HONEST ENOUGH: Among a clutch of revealing tidbits in national polls this week is the finding that a bloc of Americans apparently does not expect its president to be Honest Abe. When Time/CNN pollsters asked registered voters if Clinton is honest and trustworthy, 44% said yes and 46% said no. Asked, however, if Clinton is honest and trustworthy "enough to be president," 50% said yes and 41% said no. Dole's numbers were slightly better, but the trend was the same. Fifty percent found Dole absolutely honest, and 54% said he was honest enough to be chief executive. A CBS/New York Times poll found that Ross Perot is the champion of bad impressions, with 45% of registered voters saying they had an "unfavorable" view of him. Second place was a tie at 38% between Dole and Hillary Rodham Clinton. And, finally, which character on the national political landscape reminds us most of a dog that barks too much? Hands down, it's Newt Gingrich. The Time/CNN poll found that 45% of respondents said Gingrich is the "most annoying" among leading political figures, followed by Mrs. Clinton at 22% and Perot at 17%.

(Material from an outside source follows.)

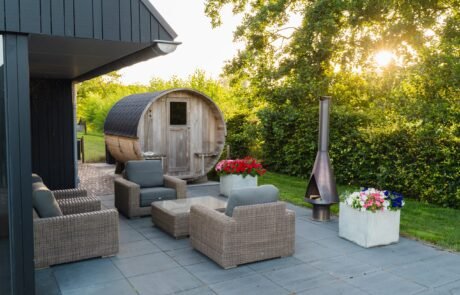 Terras met loungeset, vuurkorf en barrelsauna in de avondzon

WOOING WOMEN: With Republicans fretting over the yawning gender gap between their candidates and Democrats, the House Republican Conference held a members-only klatch Wednesday to discuss "issues that resonate with women," said a conference official who asked not to be named. Jeff Dobrozsi, press secretary for House Republican Conference Chairman John A. Boehner (R-Ohio), ventured that Republicans are concerned because women "have been listening only to the liberal Democrats lately. This is a members-only briefing to reach out to women voters because people need to think for themselves . . . let them know it's not the white country club party." Those descriptions, which suggest a measure of alarm among Republicans, didn't set right with the office of America's most annoying politician. Asked if the session were intended to help Republicans appeal to women, Gingrich's deputy press secretary Laura Simms said: "That's silly. As far as Newt's concerned, this is a meeting to inform Republican members on why Republican policies work for the American family. That's good for both men and women."
BUSMAN'S HOLIDAY: If Clinton followed tradition, he'd go on vacation the week of Aug. 11 when the Republicans hold their convention in San Diego, to give the GOP its moment in the sun. Not this president. White House aides say the first family is still debating whether to take that week off--or stay home and run a "rapid response" operation to counter the Republicans. Other possibilities: a combined campaign/vacation trip to northern Michigan's lake country in the vote-rich Midwest, or an "in your face" trip to the other end of California--San Francisco and Lake Tahoe. Key decision-maker: Hillary Rodham Clinton.